# [TO DO]
Exact copies of all the lines below are required, with the pictures omitted.

______________________________

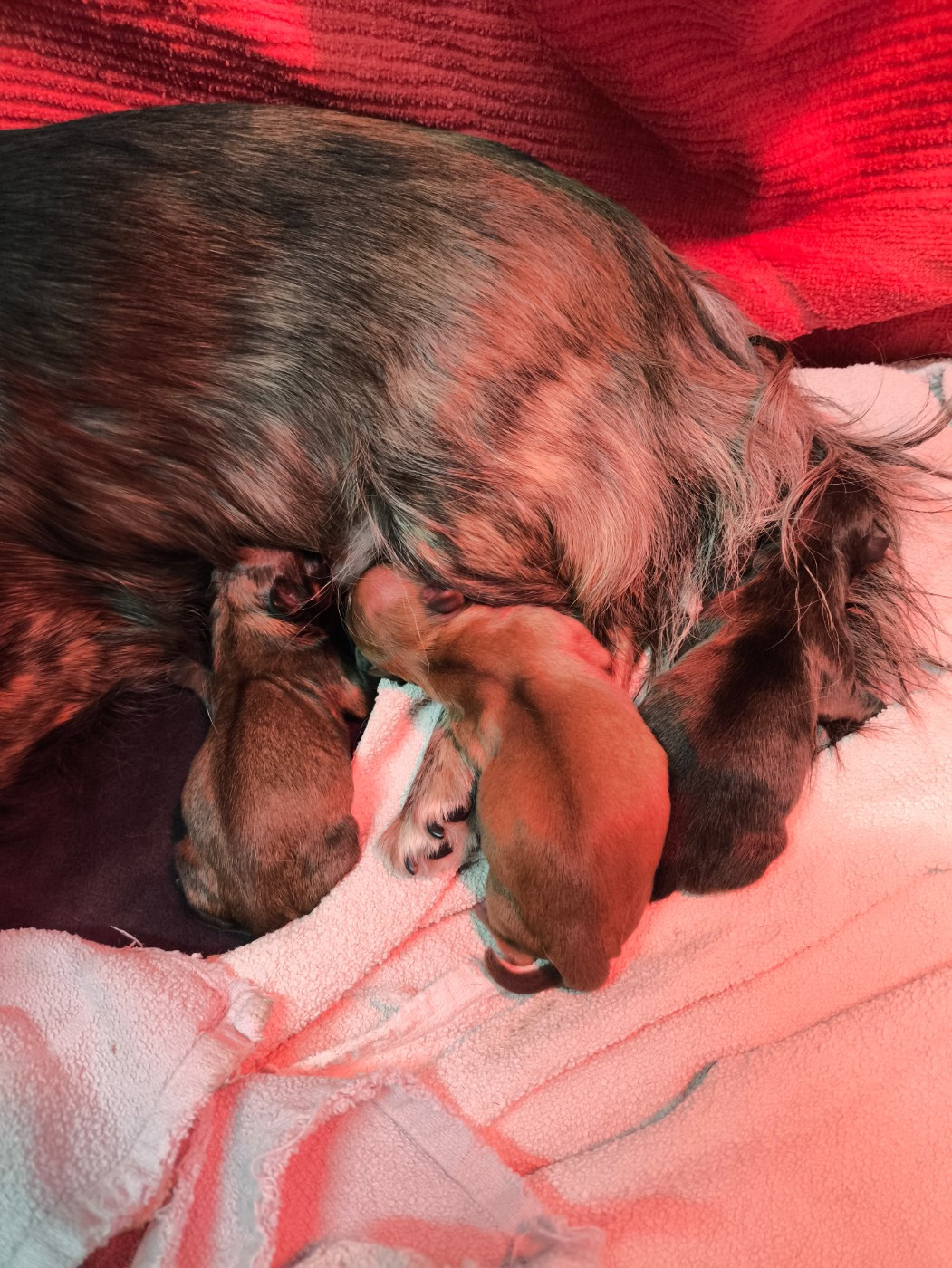 Chiot Chihuahua De La Contrée Des Cyclamens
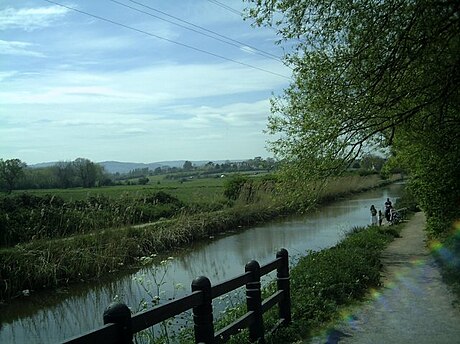 File:Kanal Taunton Bridgwater.jpg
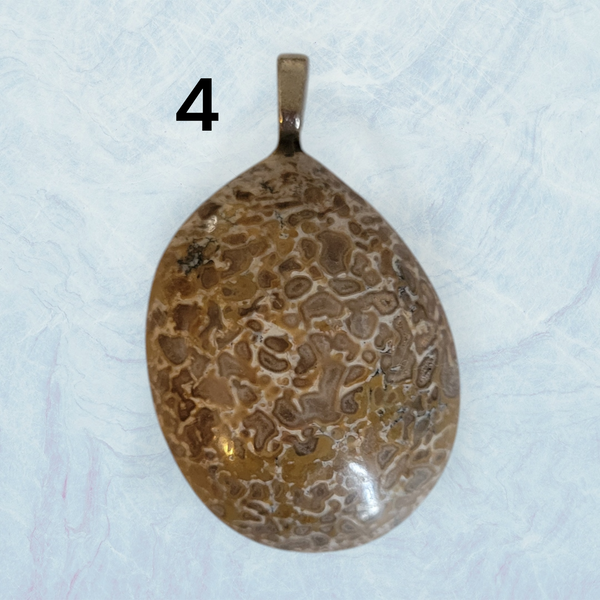 Genuine Fossil Dinosaur Bone Pendant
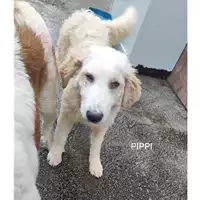 Foto dell\'animale COMUNE DI PELLEZZANO - 380260044580355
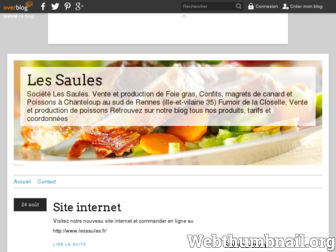 les-saules.over-blog.fr website preview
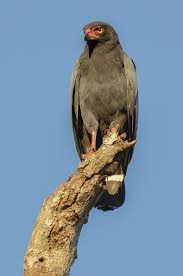 French Birds Of Prey Pictures 205 Slate Coloured Hawk Buteogallus Schistaceus Found In Northern South America Brazil Bolivia Peru Ecuador Colom Pet Birds Wild Birds Colorful Birds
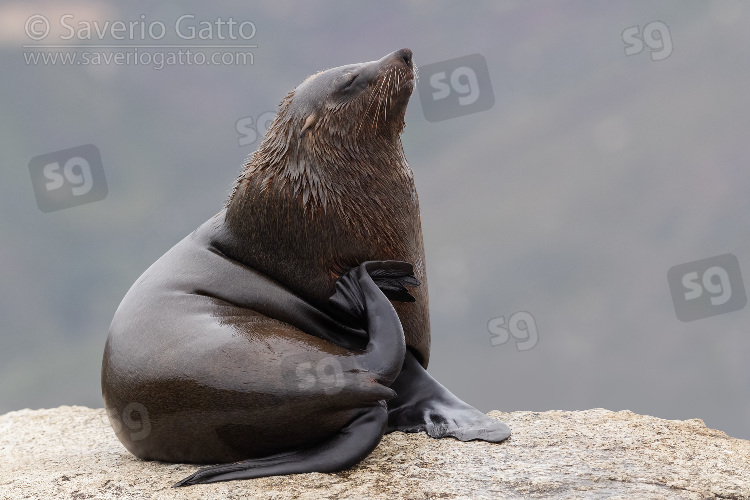Cape Fur Seal, adult male scratching its neck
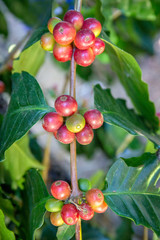 Coffee tree with coffee bean on cafe plantation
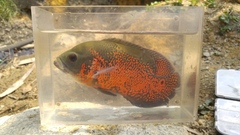 Astronotus ocellatus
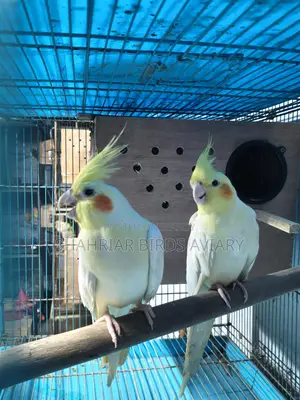 Lutino Cockatiel with Eggs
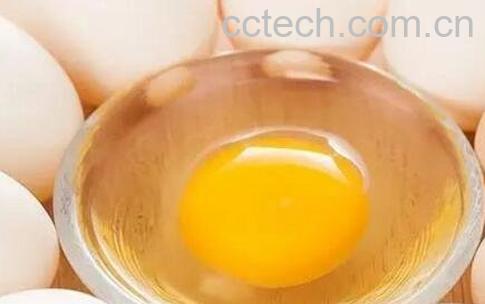 鸡子黄功效与作用及禁忌-1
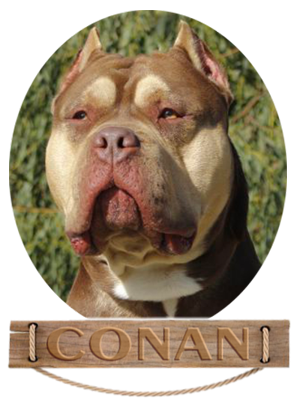 Cara de Conan Bully XL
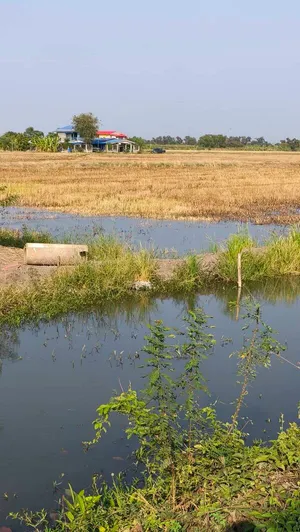 ที่ดินเปล่า เหมาะสำหรับทำที่พักอาศัย ลาดหลุมแก้ว จ. ประทุมธานี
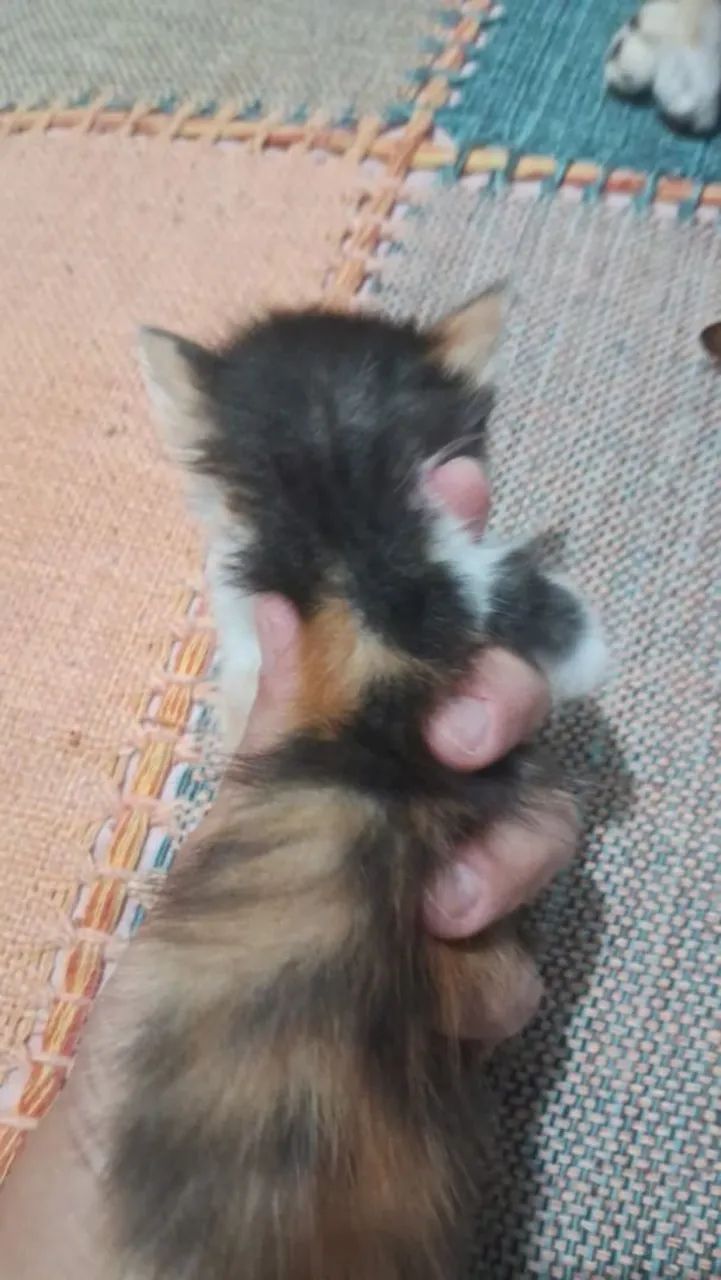 Doação de  casal de gatinhos  . - Foto 3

______________________________

# [COMPLETED EXERCISE]
 Chiot Chihuahua De La Contrée Des Cyclamens
 File:Kanal Taunton Bridgwater.jpg
 Genuine Fossil Dinosaur Bone Pendant
 Foto dell\'animale COMUNE DI PELLEZZANO - 380260044580355
 les-saules.over-blog.fr website preview
 French Birds Of Prey Pictures 205 Slate Coloured Hawk Buteogallus Schistaceus Found In Northern South America Brazil Bolivia Peru Ecuador Colom Pet Birds Wild Birds Colorful Birds
Cape Fur Seal, adult male scratching its neck
 Coffee tree with coffee bean on cafe plantation
 Astronotus ocellatus
 Lutino Cockatiel with Eggs
 鸡子黄功效与作用及禁忌-1
 Cara de Conan Bully XL
 ที่ดินเปล่า เหมาะสำหรับทำที่พักอาศัย ลาดหลุมแก้ว จ. ประทุมธานี
 Doação de  casal de gatinhos  . - Foto 3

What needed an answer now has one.